The Exchange believes that this proposal is in keeping with those principles because it will ensure that certain contested matters retained by BX Regulation are handled effectively, efficiently and with immediacy. The ability to assume responsibility for the handling of certain contested matters will ensure that contested cases are handled promptly when, for example, FINRA's litigation resources are strained or when it is otherwise unable or unwilling to handle a particular matter. This will enable the Exchange to take timely action when appropriate to enforce its rules, hold bad actors accountable, and protect investors and market integrity. This proposal, however, would not change or alter in any way the disciplinary processes around how contested matters are handled. Rather, it will result in more effective regulation because it will facilitate timely and more efficient action. Internalizing the litigation function in certain contested matters will also facilitate effective regulation because the Exchange will continue to bring to bear its overall market and surveillance expertise throughout the disciplinary proceedings.
B. Self-Regulatory Organization's Statement on Burden on Competition
The Exchange does not believe that the proposed rule change will impose any burden on competition not necessary or appropriate in furtherance of the purposes of the Act. The proposed rule change is not intended to address competitive issues but rather to enable the Exchange to have the option to litigate certain contested matters when FINRA is unable or unwilling to do so through the RSA.
C. Self-Regulatory Organization's Statement on Comments on the Proposed Rule Change Received From Members, Participants, or Others
No written comments were either solicited or received.
III. Date of Effectiveness of the Proposed Rule Change and Timing for Commission Action
Within 45 days of the date of publication of this notice in the Federal Register or within such longer period (i) as the Commission may designate up to 90 days of such date if it finds such longer period to be appropriate and publishes its reasons for so finding or (ii) as to which the Exchange consents, the Commission shall: (a) By order approve or disapprove such proposed rule change, or (b) institute proceedings to determine whether the proposed rule change should be disapproved.
IV. Solicitation of Comments
Interested persons are invited to submit written data, views, and arguments concerning the foregoing, including whether the proposed rule change, as modified by Amendment No. 1, is consistent with the Act.

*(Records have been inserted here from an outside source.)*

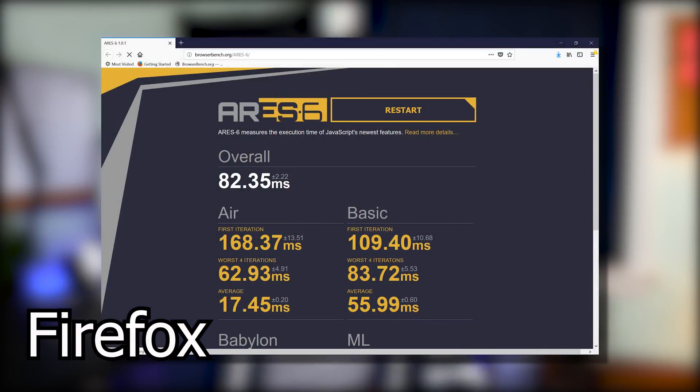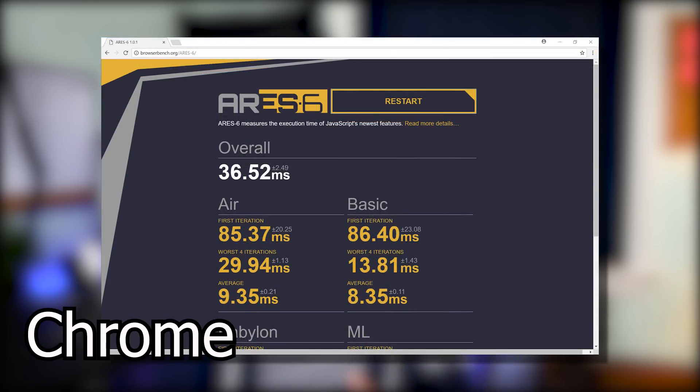The first benchmark I tested was called ARES6, which basically tests JavaScript functionality within web applications. For this benchmark, Firefox Quantum scored 82 milliseconds, while Chrome basically did half of that at 36 milliseconds. For this benchmark, lower is better.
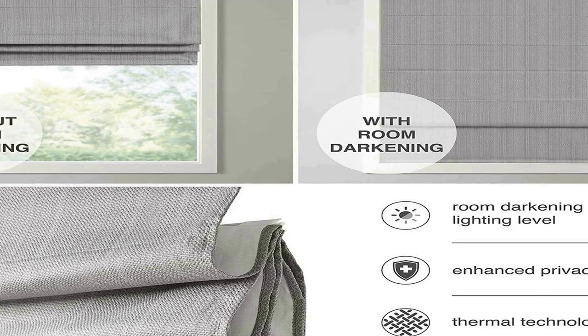Inside mount: choose at least 0.25 inches narrower on each side than your actual window width, with a minimum of 3 inches depth required. Outside mount: choose size with at least 1.5 inches wider on each side, with a minimum of 3 inches above window required.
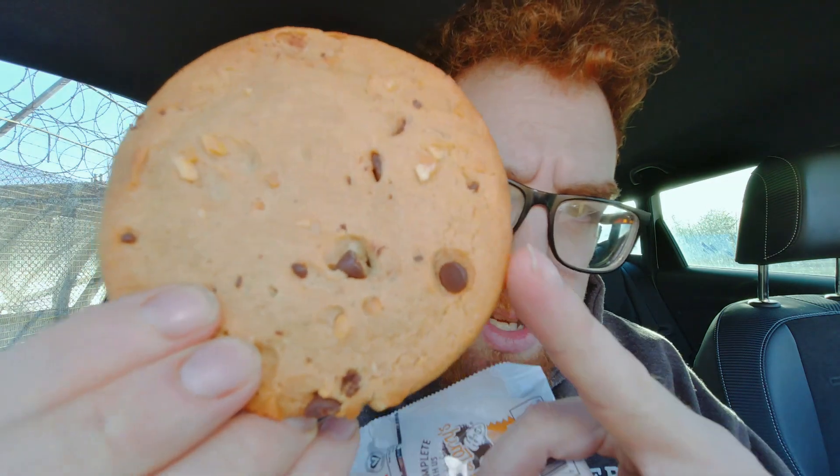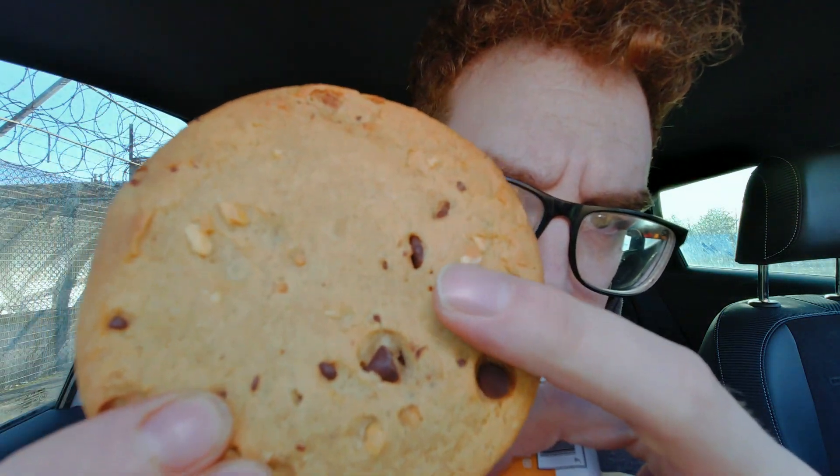It's a big-sized cookie. I find with plant-based stuff it can be very crumbly. You can see it's got bits of chocolate and peanut butter. Let's give it the break test.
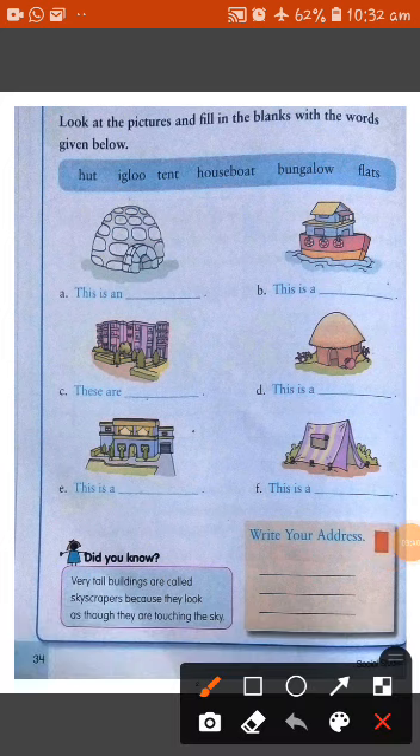Now look at the pictures and fill in the blanks. This is an igloo. This is a houseboat. These are flats. This is a hut. This is a bungalow. And this is a tent. Very tall buildings are called skyscrapers because they look as if they are touching the sky.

Comments may be submitted by any of the following methods:
Electronic Comments
- Use the Commission's internet comment form (http://www.sec.gov/rules/sro.shtml); or
- Send an email to rule-comments@sec.gov. Please include File Number SR-BX-2020-007 on the subject line.
Paper Comments
- Send paper comments in triplicate to Secretary, Securities and Exchange Commission, 100 F Street NE, Washington, DC 20549-1090.
All submissions should refer to File Number SR-BX-2020-007. This file number should be included on the subject line if email is used. To help the Commission process and review your comments more efficiently, please use only one method. The Commission will post all comments on the Commission's internet website (http://www.sec.gov/rules/sro.shtml). Copies of the submission, all subsequent amendments, all written statements with respect to the proposed rule change that are filed with the Commission, and all written communications relating to the proposed rule change between the Commission and any person, other than those that may be withheld from the public in accordance with the provisions of 5 U.S.C. 552, will be available for website viewing and printing in the Commission's Public Reference Room, 100 F Street NE, Washington, DC 20549, on official business days between the hours of 10:00 a.m. and 3:00 p.m. Copies of the filing also will be available for inspection and copying at the principal office of the Exchange. All comments received will be posted without change. Persons submitting comments are cautioned that we do not redact or edit personal identifying information from comment submissions. You should submit only information that you wish to make available publicly. All submissions should refer to File Number SR-BX-2020-007 and should be submitted on or before May 21, 2020.
Start SignatureFor the Commission, by the Division of Trading and Markets, pursuant to delegated authority.[22]
J. Matthew DeLesDernier,
Assistant Secretary.
Footnotes
3. Amendment No. 1 replaces and supersedes in its entirety the proposal as originally filed. In Amendment No. 1, the Exchange makes clear in Item 8 of Form 19b-4 that the Staff for each of Phlx, ISE, GEMX, and MRX act in a similar manner to what the proposal seeks for BX Staff and that the Commission recently approved Nasdaq Staff to do the same with respect to Nasdaq. See note 17 infra.
Back to Citation4. Formerly BX Rule 0150.
Back to Citation6. Securities Exchange Act Release No. 53128 (January 13, 2006), 71 FR 3550, 3556 (January 23, 2006).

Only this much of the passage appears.